This document discusses the options available on Compute Engine to back up and replicate the following Compute Engine resources:
- Persistent Disk and Google Cloud Hyperdisk volumes
- Virtual machine (VM) and bare metal instances
- Workloads running in Compute Engine and on-premises
To safeguard important data, Google recommends using one of the backup options discussed in this document. You can't recover a compute instance, disk, image, or snapshot if you delete it, even if the deletion was accidental.
Options
The following table compares the features you can use to back up and replicate disks and instances.
A managed service that provides secure backups for compute instances across projects.
- Defend against ransomware and other risks through insights into security threat events.
- Improve cyber resilience with immutable and indelible backups.
- Protect instances while retaining governance and oversight.

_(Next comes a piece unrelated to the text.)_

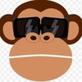 Credit Monkey in Beverly Hills, CA Credit & Debt Counseling Services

- Implement comprehensive monitoring, auditing, and reporting for compliance.
- Store all the configuration, metadata, permissions, and data from one or more disks required to create an instance.

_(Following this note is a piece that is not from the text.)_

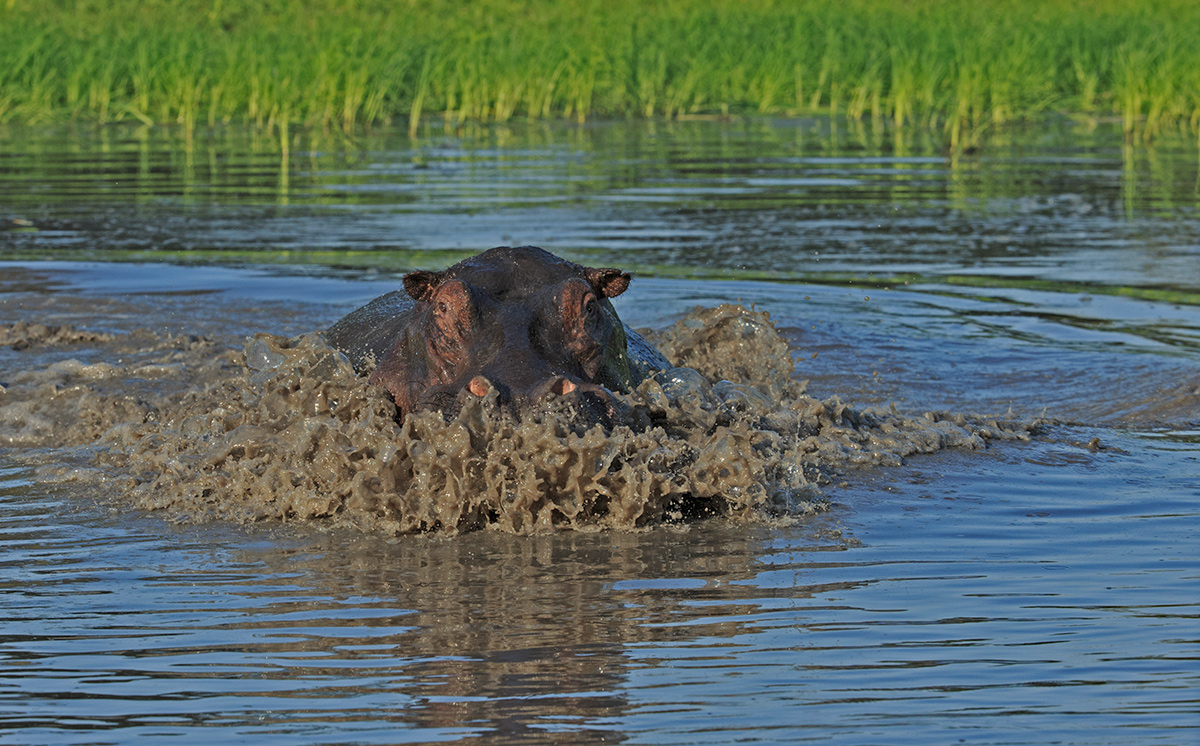 Unhappy Hippo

- Back up and restore instances for long-term retention.
- Clone and replicate instances.
- Back up disks geo-redundantly for disaster recovery.
- Improve performance and space efficiency by storing as differential copies.

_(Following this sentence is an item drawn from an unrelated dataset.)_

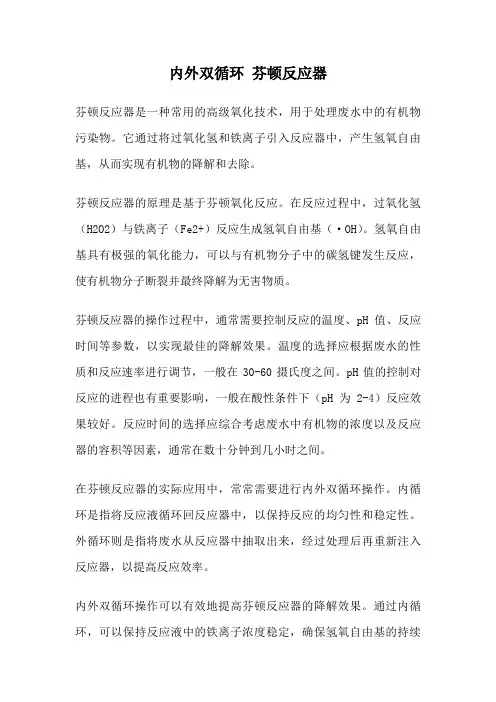 内外双循环 芬顿反应器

- Back up rarely accessed data that must be retained for several months or years.
- Use standard snapshot capabilities at a lower cost for cold storage.
- Retain backups for compliance, audits, and long-term cold storage.
- Capture a disk's contents at a particular point in time and save it in the same zone or region as the disk.
- Restore data rapidly with low recovery time objective (RTO) and recovery point objective (RPO) .
- Optimize storage space and improve performance by using a differential copy of the disk.
- Quickly create staging environments from production.
- Quickly copy a disk for backup verification or export offloading.
- Don't use for disaster recovery.
- Quickly create many instances.
- Import instances and create disks quickly.
- Achieve high availability in the rare event of a zonal outage.
- Don't use for data backup.
- Achieve business continuity for critical applications by minimizing data loss (RPO of about one minute) in the rare event of a regional outage.
- Perform DR testing, failover, and failback for multiple disks using consistency groups .
- Replicate regional disks to protect workloads from both zonal and regional outages.
Best practices for backups
Observe the following best practices when creating backups for your disks.
Avoid temporary standard snapshots
To immediately create a copy of a disk in the same zone for verification or export, use disk clones or instant snapshots instead of standard snapshots. Compared to disk clones and instant snapshots, standard snapshots have longer copy times for upload and download.
Schedule hourly standard snapshots for backup and disaster recovery
Schedule hourly standard snapshots . If you require daily snapshots, consider scheduling snapshots every 6 hours.
Use images for fast and frequent disk creation across regions
To create many disks from a single data source, use images instead of snapshots. Because Compute Engine performs local caching in target zones, disk creation from images is faster than disk creation from snapshots.
Use machine images to create backups of all disks attached to an instance
To create backups of all disks that are attached to an instance, use machine images . A machine image can be used to back up multiple disks at a time to help ensure that the data captured in the machine image is consistent across all disks. A persistent disk snapshot can only back up a single disk at a time. For more information, see When to use machine images .
Use Google Cloud Backup and DR Service to manage instance backups at scale
With Backup and DR Service, you manage backups of your instances across projects and environments by using advanced policies, centralized monitoring, and backup reporting in the following way:
- Create backup vaults that serve as secure storage locations for your backups.
- Create backup plans to configure the schedule and rules for your backup.
- Apply backup plans to existing instances or during instance creation .
- Assign specific permissions for backup access .
- Proactively and reactively monitor backup jobs .
- Create reports for tracking backups across resources spanning multiple projects.
- When needed, restore an instance from a backup vault .
You can also integrate Security Command Center with Backup and DR Service to additionally do the following:
- Track audit logs for backup access.
- Monitor for malicious activity on your backups.